Grandfathered

Susan McWilliams, grandchild of The Nation's editor who 50 years ago commissioned the piece that became Hunter S. Thompson's Hell's Angels, has gotten the magazine to publish a full-length rumination on the book's relationship to Donald Trump.

No, really.
I had long known that Hell’s Angels was a political book. Even so, I was surprised, when I finally picked it up a few years ago, by how prophetic Thompson is and how eerily he anticipates 21st-century American politics. This year, when people asked me what I thought of the election, I kept telling them to read Hell’s Angels.

Most people read Hell’s Angels for the lurid stories of sex and drugs. But that misses the point entirely. What’s truly shocking about reading the book today is how well Thompson foresaw the retaliatory, right-wing politics that now goes by the name of Trumpism. After following the motorcycle guys around for months, Thompson concluded that the most striking thing about them was not their hedonism but their “ethic of total retaliation” against a technologically advanced and economically changing America in which they felt they’d been counted out and left behind. Thompson saw the appeal of that retaliatory ethic. He claimed that a small part of every human being longs to burn it all down, especially when faced with great and impersonal powers that seem hostile to your very existence. In the United States, a place of ever greater and more impersonal powers, the ethic of total retaliation was likely to catch on.

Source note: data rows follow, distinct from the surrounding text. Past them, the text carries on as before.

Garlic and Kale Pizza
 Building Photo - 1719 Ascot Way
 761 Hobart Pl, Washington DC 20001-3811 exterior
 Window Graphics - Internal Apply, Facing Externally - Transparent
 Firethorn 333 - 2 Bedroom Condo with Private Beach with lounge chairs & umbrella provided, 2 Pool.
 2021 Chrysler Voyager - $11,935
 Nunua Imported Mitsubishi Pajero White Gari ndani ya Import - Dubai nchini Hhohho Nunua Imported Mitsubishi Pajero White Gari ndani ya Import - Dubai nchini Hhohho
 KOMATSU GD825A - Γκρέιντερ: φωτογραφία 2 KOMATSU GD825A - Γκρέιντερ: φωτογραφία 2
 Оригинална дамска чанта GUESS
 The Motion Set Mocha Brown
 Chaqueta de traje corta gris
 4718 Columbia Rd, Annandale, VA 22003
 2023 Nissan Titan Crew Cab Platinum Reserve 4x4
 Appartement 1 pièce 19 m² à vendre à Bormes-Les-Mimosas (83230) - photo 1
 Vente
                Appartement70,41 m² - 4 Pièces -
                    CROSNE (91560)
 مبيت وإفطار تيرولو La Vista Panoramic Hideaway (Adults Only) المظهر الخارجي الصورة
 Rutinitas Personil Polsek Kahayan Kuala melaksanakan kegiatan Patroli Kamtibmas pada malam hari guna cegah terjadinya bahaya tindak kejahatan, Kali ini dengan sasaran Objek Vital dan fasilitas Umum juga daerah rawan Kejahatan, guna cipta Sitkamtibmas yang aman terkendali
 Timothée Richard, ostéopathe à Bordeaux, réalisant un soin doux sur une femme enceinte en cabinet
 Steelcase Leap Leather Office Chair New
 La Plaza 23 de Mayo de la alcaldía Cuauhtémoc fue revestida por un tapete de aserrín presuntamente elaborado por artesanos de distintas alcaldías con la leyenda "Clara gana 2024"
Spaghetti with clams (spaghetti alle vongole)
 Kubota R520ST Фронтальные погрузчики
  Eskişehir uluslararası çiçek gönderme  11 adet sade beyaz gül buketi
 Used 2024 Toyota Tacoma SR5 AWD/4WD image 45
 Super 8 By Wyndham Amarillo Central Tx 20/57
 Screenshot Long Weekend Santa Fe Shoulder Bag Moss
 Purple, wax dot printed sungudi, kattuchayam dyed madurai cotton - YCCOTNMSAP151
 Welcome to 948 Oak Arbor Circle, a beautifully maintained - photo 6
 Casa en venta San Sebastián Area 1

What made that outcome almost certain, Thompson thought, was the obliviousness of Berkeley, California, types who, from the safety of their cocktail parties, imagined that they understood and represented the downtrodden. The Berkeley types, Thompson thought, were not going to realize how presumptuous they had been until the downtrodden broke into one of those cocktail parties and embarked on a campaign of rape, pillage, and slaughter. For Thompson, the Angels weren’t important because they heralded a new movement of cultural hedonism, but because they were the advance guard for a new kind of right-wing politics. As Thompson presciently wrote in the Nation piece he later expanded on in Hell’s Angels, that kind of politics is “nearly impossible to deal with” using reason or empathy or awareness-raising or any of the other favorite tools of the left.
So, let me take this seriously long enough to ask a follow-on question. How many times in 50 years have 'the motorcycle guys' broken into a cocktail party for a campaign of rape, pillage, and slaughter? Am I right in thinking the answer to that question is "Never, not even one time"?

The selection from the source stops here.